Start of Block

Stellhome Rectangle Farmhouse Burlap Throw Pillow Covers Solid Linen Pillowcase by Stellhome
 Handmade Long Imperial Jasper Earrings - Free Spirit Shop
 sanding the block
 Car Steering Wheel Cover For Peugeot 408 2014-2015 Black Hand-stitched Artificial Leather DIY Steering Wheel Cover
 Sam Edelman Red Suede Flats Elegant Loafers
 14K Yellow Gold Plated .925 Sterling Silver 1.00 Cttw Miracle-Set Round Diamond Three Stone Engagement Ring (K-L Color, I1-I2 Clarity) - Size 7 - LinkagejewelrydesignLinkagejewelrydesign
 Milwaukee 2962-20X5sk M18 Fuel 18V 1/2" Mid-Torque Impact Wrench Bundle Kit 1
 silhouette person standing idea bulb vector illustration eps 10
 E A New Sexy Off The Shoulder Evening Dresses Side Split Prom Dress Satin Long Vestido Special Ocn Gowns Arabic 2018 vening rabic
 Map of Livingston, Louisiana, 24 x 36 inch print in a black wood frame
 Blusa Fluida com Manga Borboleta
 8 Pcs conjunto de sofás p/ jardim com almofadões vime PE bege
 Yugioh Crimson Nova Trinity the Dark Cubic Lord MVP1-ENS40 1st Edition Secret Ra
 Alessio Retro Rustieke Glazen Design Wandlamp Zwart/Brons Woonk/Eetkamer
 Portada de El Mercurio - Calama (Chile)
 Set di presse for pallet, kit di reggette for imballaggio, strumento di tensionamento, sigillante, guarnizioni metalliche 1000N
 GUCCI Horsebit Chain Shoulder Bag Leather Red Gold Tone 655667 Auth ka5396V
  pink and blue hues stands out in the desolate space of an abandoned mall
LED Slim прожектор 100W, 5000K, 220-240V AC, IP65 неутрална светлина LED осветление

End of Block

■ EXERCISE REQUIREMENTS
Please print exactly the lines of the entries above, beginning with the line that contains "GUCCI Horsebit Chain" and ending with the last line.

■ RESPONSE TO THE EXERCISE
 GUCCI Horsebit Chain Shoulder Bag Leather Red Gold Tone 655667 Auth ka5396V
  pink and blue hues stands out in the desolate space of an abandoned mall
LED Slim прожектор 100W, 5000K, 220-240V AC, IP65 неутрална светлина LED осветление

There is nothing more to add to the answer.